米の炊き方も変わったけれど、「男・女」っていうところで物事を語ること自体が古くなったと思う。

「男だから」という昔あった常識的なものから外れたところでのハードボイルドの主人公スペンサーの物語『背信』なのであるが、結局は犯人は「アタマのおかCーゲイ」なのである。

ちょっとぉー!そりゃなくない!

黒人差別やユダヤ人差別的な表現もあって、そこんとこは引っかからないんだけど、最後の最後で登場したゲイの人物が殺人の実行犯だってのはメチャひっかかる。

「結局カッコイイ男はタフでストレイトであって騎士道的にふるまう」っていうマッチョ思考は今となっては時代遅れで、ゲイ当事者のオレとしては天で話にならないのである。

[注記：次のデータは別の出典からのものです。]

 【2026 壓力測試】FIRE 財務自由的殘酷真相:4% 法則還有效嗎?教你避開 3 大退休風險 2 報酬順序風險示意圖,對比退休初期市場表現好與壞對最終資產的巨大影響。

スペンサーがボストンの街のどこで何を食べたとかいう瑣末なことがこの物語のおもしろみのひとつではあって、そういったところでは今のFaceBook的であって、10年まえに書かれたものとしては(たまたま)先をいっていたとも思えるけど、あいにくオレはTwitterFaceBookもやらないんでね。

古い人間が古い小説を読み返したのである。